Let $\mathbb T \subseteq \powerset S$, where $\powerset S$ is the power set of $S$.
Suppose all $T \in \mathbb T$ admit a supremum $\sup T$ in $S$.
Then:
- $\sup \bigcup \mathbb T = \sup {\set {\sup T: T \in \mathbb T} }$
if one of these two quantities exists (in $S$).
Proof
Suppose that $s = \sup \bigcup \mathbb T \in S$.
By Set is Subset of Union, $T \subseteq \bigcup \mathbb T$ for all $T \in \mathbb T$.
Hence by Supremum of Subset:
- $\forall T \in \mathbb T: \sup T \preceq s$
Suppose now that $a \in S$ satisfies:
- $\forall T \in \mathbb T: \sup T \preceq a$
Then by transitivity of $\preceq$:
- $\forall t \in T: t \preceq a$
Since this holds for any $T \in \mathbb T$, also:
- $\forall t \in \bigcup \mathbb T: t \preceq a$
Hence $s \preceq a$, by definition of supremum.

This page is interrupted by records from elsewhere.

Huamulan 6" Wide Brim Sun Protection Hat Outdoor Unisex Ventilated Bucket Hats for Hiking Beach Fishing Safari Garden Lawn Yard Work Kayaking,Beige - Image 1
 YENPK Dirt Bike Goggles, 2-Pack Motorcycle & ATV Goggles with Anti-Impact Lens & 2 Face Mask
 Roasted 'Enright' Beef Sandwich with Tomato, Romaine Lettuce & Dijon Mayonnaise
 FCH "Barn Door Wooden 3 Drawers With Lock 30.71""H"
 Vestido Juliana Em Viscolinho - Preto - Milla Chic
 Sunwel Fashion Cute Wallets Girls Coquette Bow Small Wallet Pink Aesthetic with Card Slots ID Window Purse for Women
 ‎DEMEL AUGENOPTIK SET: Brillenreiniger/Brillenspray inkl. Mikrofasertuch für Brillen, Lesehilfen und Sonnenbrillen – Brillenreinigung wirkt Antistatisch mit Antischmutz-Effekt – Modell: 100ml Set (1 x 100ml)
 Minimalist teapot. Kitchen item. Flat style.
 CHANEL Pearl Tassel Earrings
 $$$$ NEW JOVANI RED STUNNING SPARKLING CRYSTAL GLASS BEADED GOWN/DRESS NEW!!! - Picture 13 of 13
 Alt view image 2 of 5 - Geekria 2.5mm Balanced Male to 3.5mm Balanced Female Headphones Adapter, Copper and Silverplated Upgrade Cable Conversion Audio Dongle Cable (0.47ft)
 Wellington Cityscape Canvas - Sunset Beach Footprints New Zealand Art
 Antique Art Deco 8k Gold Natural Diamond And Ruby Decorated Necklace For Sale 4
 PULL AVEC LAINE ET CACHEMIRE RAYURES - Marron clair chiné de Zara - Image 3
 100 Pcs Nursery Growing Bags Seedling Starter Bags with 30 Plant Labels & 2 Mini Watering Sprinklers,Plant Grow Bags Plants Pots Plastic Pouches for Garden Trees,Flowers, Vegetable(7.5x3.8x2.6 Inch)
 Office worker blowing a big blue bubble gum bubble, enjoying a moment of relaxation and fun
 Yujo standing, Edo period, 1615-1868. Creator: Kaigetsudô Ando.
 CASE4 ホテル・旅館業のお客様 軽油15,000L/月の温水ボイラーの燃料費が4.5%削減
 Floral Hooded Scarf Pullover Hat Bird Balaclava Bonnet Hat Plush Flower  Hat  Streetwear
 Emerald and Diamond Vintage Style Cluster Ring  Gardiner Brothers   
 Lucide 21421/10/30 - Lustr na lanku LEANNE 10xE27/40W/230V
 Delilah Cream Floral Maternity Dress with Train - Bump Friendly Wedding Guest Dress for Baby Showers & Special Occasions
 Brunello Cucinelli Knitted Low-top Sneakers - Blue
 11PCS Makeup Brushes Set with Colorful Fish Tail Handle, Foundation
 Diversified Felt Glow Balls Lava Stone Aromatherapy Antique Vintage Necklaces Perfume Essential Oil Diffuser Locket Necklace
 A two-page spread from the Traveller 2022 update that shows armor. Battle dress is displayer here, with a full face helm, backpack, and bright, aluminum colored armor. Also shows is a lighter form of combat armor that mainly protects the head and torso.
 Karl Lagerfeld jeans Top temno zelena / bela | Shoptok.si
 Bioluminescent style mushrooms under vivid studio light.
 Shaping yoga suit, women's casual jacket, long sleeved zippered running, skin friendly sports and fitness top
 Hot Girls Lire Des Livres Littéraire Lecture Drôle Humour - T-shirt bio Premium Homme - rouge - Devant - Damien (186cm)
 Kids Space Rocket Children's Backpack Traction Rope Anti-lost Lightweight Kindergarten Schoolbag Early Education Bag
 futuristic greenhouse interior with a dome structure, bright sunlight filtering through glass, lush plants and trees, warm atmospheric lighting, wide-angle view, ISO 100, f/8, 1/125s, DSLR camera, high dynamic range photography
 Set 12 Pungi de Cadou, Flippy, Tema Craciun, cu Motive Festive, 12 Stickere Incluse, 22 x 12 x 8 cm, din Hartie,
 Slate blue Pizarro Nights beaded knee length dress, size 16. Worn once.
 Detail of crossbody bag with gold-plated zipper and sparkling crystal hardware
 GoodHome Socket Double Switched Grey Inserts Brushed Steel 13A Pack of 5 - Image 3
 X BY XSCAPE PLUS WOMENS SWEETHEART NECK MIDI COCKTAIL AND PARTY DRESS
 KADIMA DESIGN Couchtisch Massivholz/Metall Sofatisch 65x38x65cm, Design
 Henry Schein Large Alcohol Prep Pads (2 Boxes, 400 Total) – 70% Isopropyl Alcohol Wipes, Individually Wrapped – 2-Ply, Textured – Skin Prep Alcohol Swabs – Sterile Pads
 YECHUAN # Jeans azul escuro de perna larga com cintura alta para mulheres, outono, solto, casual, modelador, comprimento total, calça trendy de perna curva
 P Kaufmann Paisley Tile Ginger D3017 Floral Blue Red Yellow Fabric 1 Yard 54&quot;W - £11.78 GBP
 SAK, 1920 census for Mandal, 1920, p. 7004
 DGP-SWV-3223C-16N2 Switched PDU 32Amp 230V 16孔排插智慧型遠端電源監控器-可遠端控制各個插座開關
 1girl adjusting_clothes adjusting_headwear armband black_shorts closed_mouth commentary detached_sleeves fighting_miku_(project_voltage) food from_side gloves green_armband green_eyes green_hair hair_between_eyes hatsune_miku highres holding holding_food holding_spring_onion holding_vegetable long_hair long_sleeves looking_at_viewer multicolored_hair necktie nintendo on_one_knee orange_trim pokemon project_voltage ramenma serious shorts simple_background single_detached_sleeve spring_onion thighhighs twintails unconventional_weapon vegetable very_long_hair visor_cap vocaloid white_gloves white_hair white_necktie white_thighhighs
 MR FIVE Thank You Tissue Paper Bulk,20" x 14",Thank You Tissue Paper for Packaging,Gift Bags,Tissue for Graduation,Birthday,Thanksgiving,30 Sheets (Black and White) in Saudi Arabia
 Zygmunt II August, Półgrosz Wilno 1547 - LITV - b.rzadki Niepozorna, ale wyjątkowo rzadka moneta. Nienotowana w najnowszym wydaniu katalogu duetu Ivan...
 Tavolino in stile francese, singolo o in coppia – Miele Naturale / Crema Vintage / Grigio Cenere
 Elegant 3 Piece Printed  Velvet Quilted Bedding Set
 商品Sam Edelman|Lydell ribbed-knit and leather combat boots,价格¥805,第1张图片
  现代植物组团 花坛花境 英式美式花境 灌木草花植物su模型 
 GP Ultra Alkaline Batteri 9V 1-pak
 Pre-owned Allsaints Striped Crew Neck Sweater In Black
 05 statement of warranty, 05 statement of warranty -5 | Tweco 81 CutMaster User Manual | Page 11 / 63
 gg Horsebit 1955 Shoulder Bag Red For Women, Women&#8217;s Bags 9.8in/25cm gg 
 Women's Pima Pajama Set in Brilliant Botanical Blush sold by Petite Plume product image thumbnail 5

That is, $s = \sup {\set {\sup T: T \in \mathbb T} }$.
$\Box$
Suppose now that $r = \sup {\set {\sup T: T \in \mathbb T} } \in S$.
By definition of supremum, for all $T \in \mathbb T$ and $t \in T$:
- $t \preceq \sup T$
By transitivity of $\preceq$:
- $\forall T \in \mathbb T: \forall t \in T: t \preceq r$
Hence for all $t \in \bigcup \mathbb T$:
- $t \preceq r$
Suppose that $a \in S$ satisfies:
- $\forall t \in \bigcup \mathbb T: t \preceq a$
In particular, for any $T \in \mathbb T$, since $T \subseteq \bigcup \mathbb T$:
- $\sup T \preceq a$
and therefore by definition of supremum, also:
- $r \preceq a$
That is, $r = \sup \bigcup \mathbb T$.
$\blacksquare$